Ik dacht aan de joden die ik zag op een vlucht vanuit New York naar Amsterdam, hoe ze met keppeltje instapten in Amerika en zonder weer uitstapten in Nederland. En ook aan een joodse vriendin met wie ik door Buitenveldert wandelde om haar jongste dochter van school te halen.

De joodse basisschool Rosj Pina was alleen door een haag van een zwaarbewapende marechaussees te bereiken, waarop nog een tweede verdedigingslinie volgde, mannen van de Stichting Bij Leven en Welzijn, de wat eufemistische naam van een joodse beveiligingsorganisatie die synagoges en joodse instellingen bewaakt.

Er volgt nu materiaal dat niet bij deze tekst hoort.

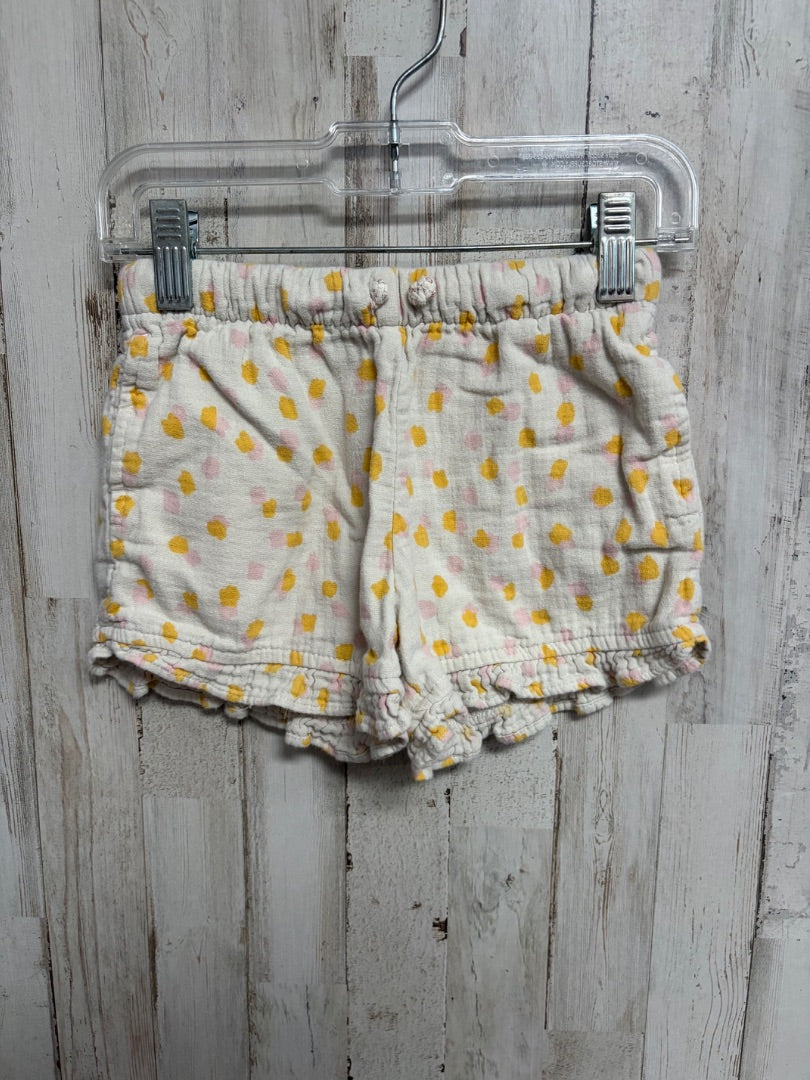 BEIGE CAT & JACK SPOTTED SHORTS, GIRLS 5T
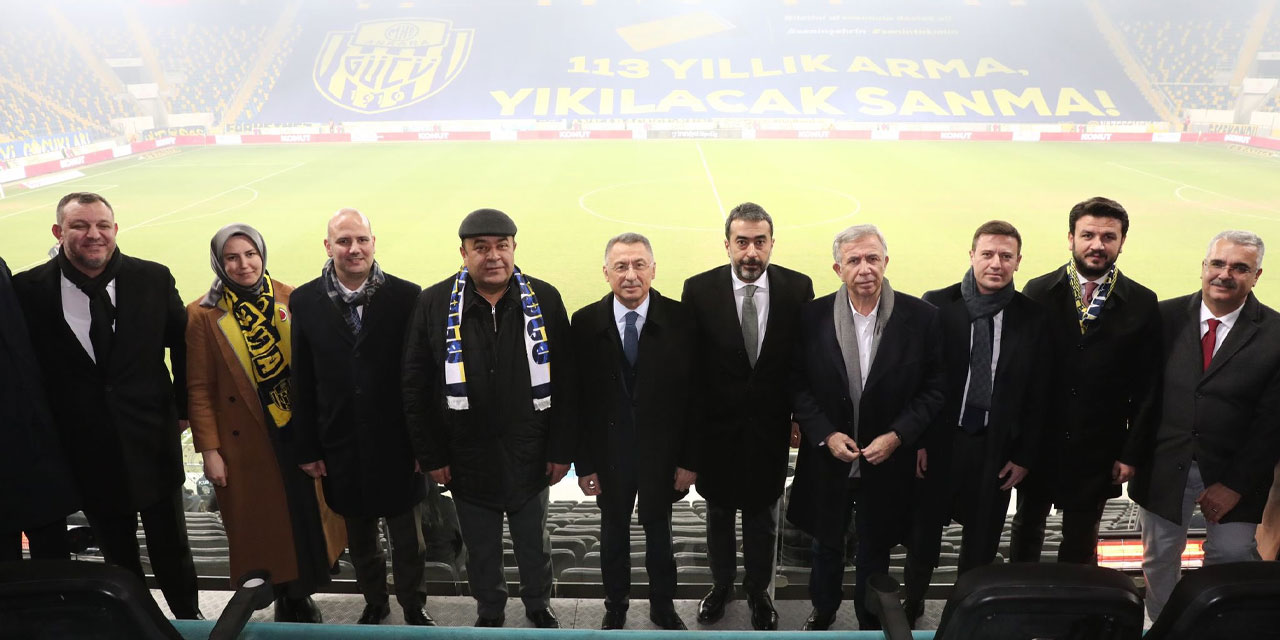 İktidar ve muhalefet Ankaragücü'nde birleşti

Bij de poort van de school stond een sinistere figuur met pet, zonnebril en baard, die ons pas doorliet nadat mijn vriendin had bevestigd dat ik bij haar hoorde. Het schoolgebouw zelf was naar binnen gekeerd, het schoolplein lag achter een hoge muur.

Hier groeiden kinderen op, afgeschermd van de buitenwereld met haar eeuwige antisemitische haat, dat verleidelijke sentiment dat hoogopgeleide blanke mannen en kansloze Noord-Afrikaanse jongemannen met elkaar verbindt.’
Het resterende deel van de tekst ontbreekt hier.